Semboller ve muskalarTanrı Perun: balta, kalkan, Perun'un rengi.

Slavlar arasında Perun'a yöneldikleri birden fazla muska kullanılıyor. Gök Gürültüsü ve Adalet Tanrısının gücü onların gücüyle birleştirilmiştir.

Tatiller, Nerede onurTanrı Perun

  • 12 Ocak Perun, Slavların bilge ve adil Tanrısı olarak saygı görüyordu. Bu Perun'un Adalet Günü, Ateşli Kılıç. Gromnitsa Günü'nde olduğu gibi bu günde de sabahın erken saatlerinde, şafak vakti karda çıplak ayakla koşmak çok önemliydi.

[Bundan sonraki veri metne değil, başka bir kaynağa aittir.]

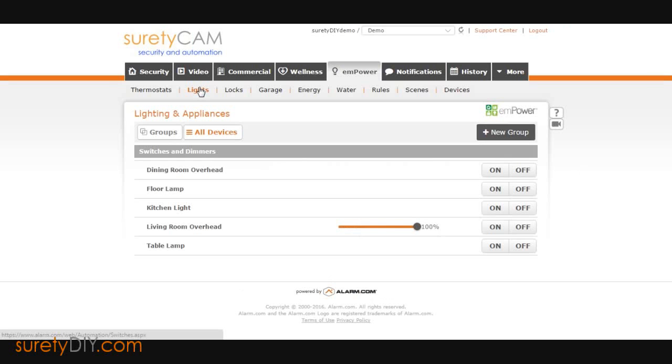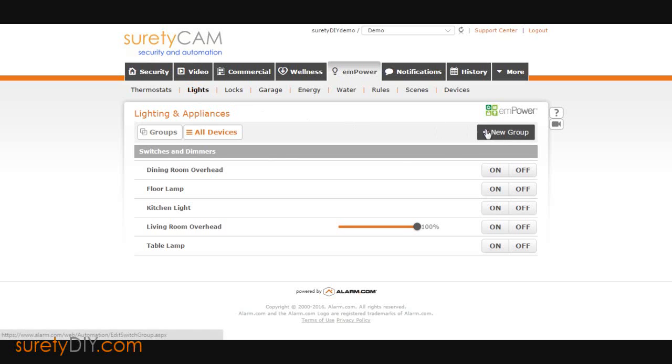Here, all of your switches and dimmers will be displayed. Click on the New Group button to start a new group.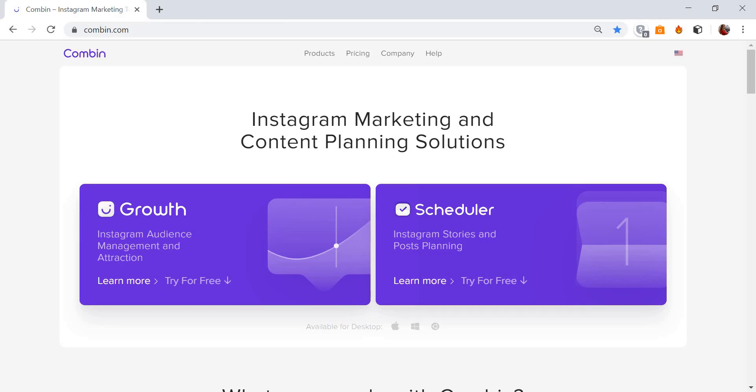Hello everybody! This is a new video guide for Combin.com. Today you will learn how to share your Instagram Stories.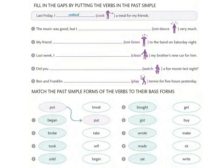In the negative we conjugate 'do' → 'did not', and the verb stays in base form. If it's positive: I danced — نزيدوا -ED. Number two: My friend didn't listen to the band on Saturday night. Number three: Last week I cleaned my brother's new car for him — clean → cleaned.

Hatta bazı cesur ruhlar kendilerini silebilir, kurulayabilir ve karla yıkanabilirler. Bunun vücuda güçlü bir güç vereceğine ve insan ruhunu arındıracağına inanılıyordu.
  • 2 Şubat. Slav Tanrısı Perun'un büyük hürmet bayramı Gromnitsa'dır. Bu günde, gök gürültüsü mumları yapıldı ve tüm yıl boyunca Gök Gürültüsü Tanrısının gücüyle büyülendi.
  • 20 Temmuz-2 Ağustos. Bu dönemde savaşçılar bayramlarını kutlar, silahlarını ve muskalarını takdis ederek bu bayrama eşlik eder ve ritüel savaşlara katılırlardı.

Bu üç bayramın gücü yadsınamaz; bugün bu günlerde Perun'u onurlandırmaya çalışan birçok insan, O'nun temizliğini ve faydalı bereketlerini zaten deneyimlemiştir!